Exercise details: Beneath this instruction is a block of data; output from it exactly the lines that run from the one containing "Mushen Studio Pembe" through the one containing "Mapa Firma Uslugowo", inclusive.

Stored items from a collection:
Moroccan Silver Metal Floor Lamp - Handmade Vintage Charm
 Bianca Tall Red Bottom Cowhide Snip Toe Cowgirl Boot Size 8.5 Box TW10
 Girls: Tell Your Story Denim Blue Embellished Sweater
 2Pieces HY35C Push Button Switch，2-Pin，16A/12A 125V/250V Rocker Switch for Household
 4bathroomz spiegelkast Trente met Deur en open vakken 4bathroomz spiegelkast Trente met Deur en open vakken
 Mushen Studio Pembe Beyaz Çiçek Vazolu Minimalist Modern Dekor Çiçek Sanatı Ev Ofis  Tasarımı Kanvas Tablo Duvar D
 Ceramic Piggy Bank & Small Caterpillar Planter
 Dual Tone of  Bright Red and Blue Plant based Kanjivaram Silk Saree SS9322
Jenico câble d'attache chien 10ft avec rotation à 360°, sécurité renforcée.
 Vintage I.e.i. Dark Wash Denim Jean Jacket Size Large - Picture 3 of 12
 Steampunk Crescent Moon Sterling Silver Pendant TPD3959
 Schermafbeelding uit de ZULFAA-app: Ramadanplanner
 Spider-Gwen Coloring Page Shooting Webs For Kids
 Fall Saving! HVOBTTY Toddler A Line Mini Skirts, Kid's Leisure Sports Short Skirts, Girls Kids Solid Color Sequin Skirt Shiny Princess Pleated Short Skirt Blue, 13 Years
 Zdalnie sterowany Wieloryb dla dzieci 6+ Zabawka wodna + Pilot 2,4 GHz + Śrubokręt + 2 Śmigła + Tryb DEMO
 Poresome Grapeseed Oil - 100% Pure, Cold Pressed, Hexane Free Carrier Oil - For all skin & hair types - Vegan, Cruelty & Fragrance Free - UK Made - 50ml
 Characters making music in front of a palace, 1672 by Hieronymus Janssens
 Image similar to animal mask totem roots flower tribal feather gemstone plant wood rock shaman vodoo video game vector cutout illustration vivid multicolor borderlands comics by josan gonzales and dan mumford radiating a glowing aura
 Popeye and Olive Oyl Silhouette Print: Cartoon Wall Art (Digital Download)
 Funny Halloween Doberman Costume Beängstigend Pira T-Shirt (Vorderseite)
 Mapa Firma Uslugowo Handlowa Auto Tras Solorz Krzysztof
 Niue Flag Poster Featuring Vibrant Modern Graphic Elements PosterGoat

Finished task:
 Mushen Studio Pembe Beyaz Çiçek Vazolu Minimalist Modern Dekor Çiçek Sanatı Ev Ofis  Tasarımı Kanvas Tablo Duvar D
 Ceramic Piggy Bank & Small Caterpillar Planter
 Dual Tone of  Bright Red and Blue Plant based Kanjivaram Silk Saree SS9322
Jenico câble d'attache chien 10ft avec rotation à 360°, sécurité renforcée.
 Vintage I.e.i. Dark Wash Denim Jean Jacket Size Large - Picture 3 of 12
 Steampunk Crescent Moon Sterling Silver Pendant TPD3959
 Schermafbeelding uit de ZULFAA-app: Ramadanplanner
 Spider-Gwen Coloring Page Shooting Webs For Kids
 Fall Saving! HVOBTTY Toddler A Line Mini Skirts, Kid's Leisure Sports Short Skirts, Girls Kids Solid Color Sequin Skirt Shiny Princess Pleated Short Skirt Blue, 13 Years
 Zdalnie sterowany Wieloryb dla dzieci 6+ Zabawka wodna + Pilot 2,4 GHz + Śrubokręt + 2 Śmigła + Tryb DEMO
 Poresome Grapeseed Oil - 100% Pure, Cold Pressed, Hexane Free Carrier Oil - For all skin & hair types - Vegan, Cruelty & Fragrance Free - UK Made - 50ml
 Characters making music in front of a palace, 1672 by Hieronymus Janssens
 Image similar to animal mask totem roots flower tribal feather gemstone plant wood rock shaman vodoo video game vector cutout illustration vivid multicolor borderlands comics by josan gonzales and dan mumford radiating a glowing aura
 Popeye and Olive Oyl Silhouette Print: Cartoon Wall Art (Digital Download)
 Funny Halloween Doberman Costume Beängstigend Pira T-Shirt (Vorderseite)
 Mapa Firma Uslugowo Handlowa Auto Tras Solorz Krzysztof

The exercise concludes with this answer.